BANGALORE, Nov 17: HMT Ltd has put divestment plans for its ailing tractor and food-processing equipment divisions on the backburner. With clearances from the Planning Commission and the finance ministry still to come, the loss-making divisions are weighing heavy on the mini-ratna's bottomlines, say analysts.The board of directors had decided to disinvest partially or fully the public sector unit's stake in the tractor and food-processing equipment divisions.
The bidding process for the tractor division, initiated by the ministry of industry in August, met with a good response. Several key players including Bharat Earth Movers, Mahindra & Mahindra, Hindustan Motors, Tractors & Farm Equipment, and Telco were in the race. The ministry has also promised an early initiation of bidding for the division. However, despite companies evaluating the division premises, no other step has been taken by the government to initiate new bids, sources say. The ministry had decided to call for fresh bids withinweeks.
HMT was in talks with the National Dairy Development Board for a possible takeover or joint venture for its food-processing equipment unit in Aurangabad.

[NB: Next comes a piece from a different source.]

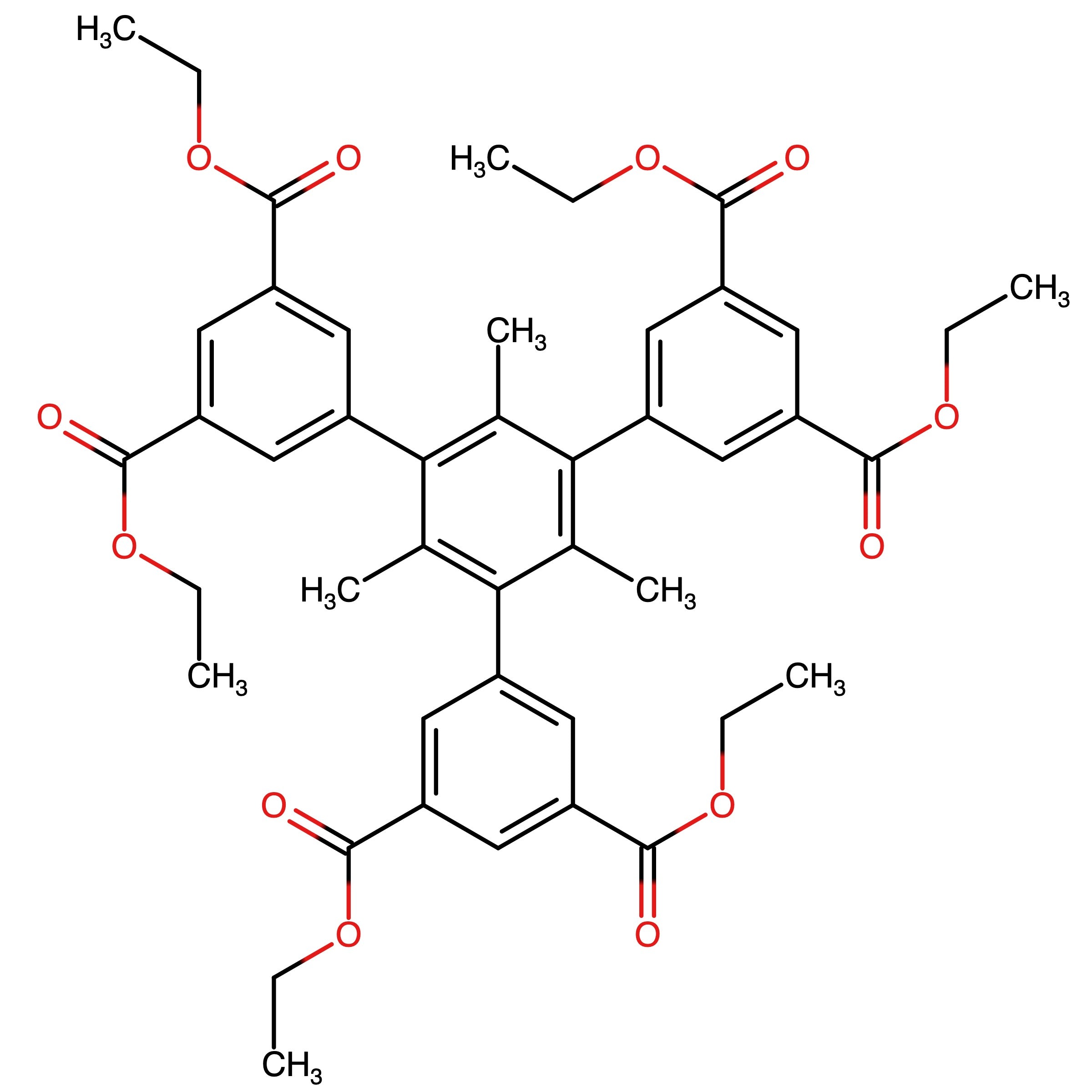 CAS 1471985-09-7 | Tetraethyl 5'-(3,5-bis(ethoxycarbonyl)phenyl)-2',4',6'-trimethyl-[1,1':3',1''-terphenyl]-3,3'',5,5''-tetracarboxylate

The board has conducted a technical and feasibility study to assess and evaluate the food-processing equipment division.
However, a possible change in the board's top guard, coupled with the finance ministry's lack of interest, has forced the HMT to put the plan on the backburner, as well. The division recorded a net loss of Rs 1 crore on sales of Rs 4 crore during 1997-98. With a total work force of 120, the division manufactures separators and pasteurisers used in food processing.
The plan to hive off its lamps division into a separate company has been dropped as the division has failed to locate a joint-venture partner. A voluntary retirement scheme is being offered to the employees of the division, which has already reduced the work force from 1,300 to 1,200. Once the work force is reduced drastically, plans are under way to sell off theassets of the division.
HMT had also asked for assistance in the form of loan or additional equity infusion by the centre to the tune of over Rs 100 crore. The company enhanced its equity base by Rs 10 crore a few months ago to Rs 110 crore. However, sources claim that there has been no move by the ministry of finance apart from informal discussions on the issue.
Infusion of additional capital is necessary for the company, say analysts. The results for 1997-98 show sales of Rs 920 crore as against Rs 920.20 crore during the previous financial year. Losses have fallen to Rs 28.50 crore from Rs 43.78 crore during 1996-97.